Amongst the many contributions by the University of Southampton to Innovation South as highlighted in the audit include:

  • Ground-breaking discoveries in photonics developed and delivered over the last four decades by the University-based Optoelectronics Research Centre including a device that led to the rapid expansion of the internet developed in the 1980s plus its numerous industry partners including Huawei, Intel, Rockley Photonics and SPI Lasers and a cluster of spin-out photonics companies in the region;
  • The University’s role in developing the industrial capacity and supply chain for quantum products as part of one of Four Quantum Technology Hubs in the country with particular expertise in the commercial exploitation of the technology with partners including the Government’s Defence Science and Technology Laboratory and the National Physical Laboratory;
  • Southampton’s status as an Academic Centre of Excellence in Cyber Security Research as recognised by the UK government; 
    Leadership by Professor Dame Wendy Hall, the University’s Regius Professor of Computer Science, in heading the UK government’s review into commercial opportunities for Artificial Intelligence;
  • Considerable depth of expertise by Southampton academics in leading the charge on Open Data including the formation of the UK’s Open Data Institute;
  • The development of Web Science as an academic subject and focal point for the Southampton-based Web Science Institute aimed at maximising the social, cultural, economic and developmental impacts of Web technologies;
  • The successful spin-out of companies such as AccelerComm, from Southampton’s Wireless Research Group.

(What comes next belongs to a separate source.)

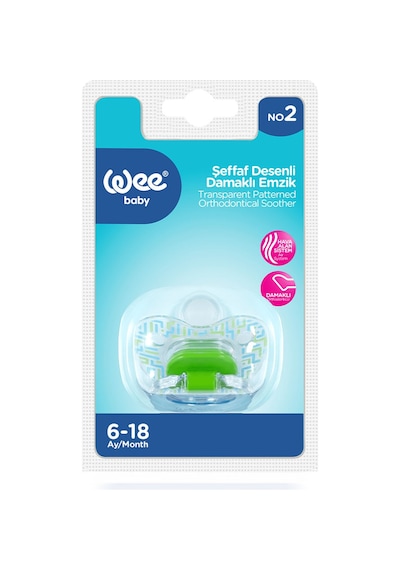 Wee Baby Şeffaf Desenli Damaklı Emzik No:2 Yeşil 6-18 Ay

The company supplies designs for error correction hardware to the manufacturers of components for mobile phones and base stations and was created with support from the ICURe (Innovation to
  • Commercialisation of University Research) programme devised by the University and run by SETsquared Partnership which is also Southampton-based;
  • Research excellence in earth systems, environmental sciences and maritime engineering which has led to the establishment of the cross-disciplinary Southampton Marine & Maritime Institute (SMMI) which brings together expertise in big data, security, robotics, autonomous systems and vehicle research, energy and resources;
  • The University’s role in the world-renowned National Oceanography Centre Southampton and its co-development of the Boldrewood Innovation Campus with Lloyd’s Register representing the single biggest academic-industrial development so far in the UK;
  • Southampton’s Advanced Technology Partnership with the Royal National Lifeboat Institute in Poole to develop technology focused on aspects of naval architecture and human-factors engineering;
  • The University’s wide-reaching capabilities in bioscience and life sciences including medical technology, food security, genomics, biopharmaceuticals and a range of other areas that are key to the UK economically;
  • The close collaborative and strategic relationship enjoyed by the University with the University Hospital Southampton NHS Foundation Trust and the National Health Service fostering a wide range of beneficial research, translational and innovation activities;
  • The successful partnership between the University and the Trust through, for example, the National Institute for Health Research and Biomedical Research Centre with an increasing commitment to Digital Health and frequent opportunities to engage in key national and international projects and with further prospects for graduate employment;
  • The growing importance of the FortisNet, supported by the University’s Institute for Life Sciences, which links med tech businesses engaged in developing solutions to musculoskeletal difficulties with clinicians, academics and patients.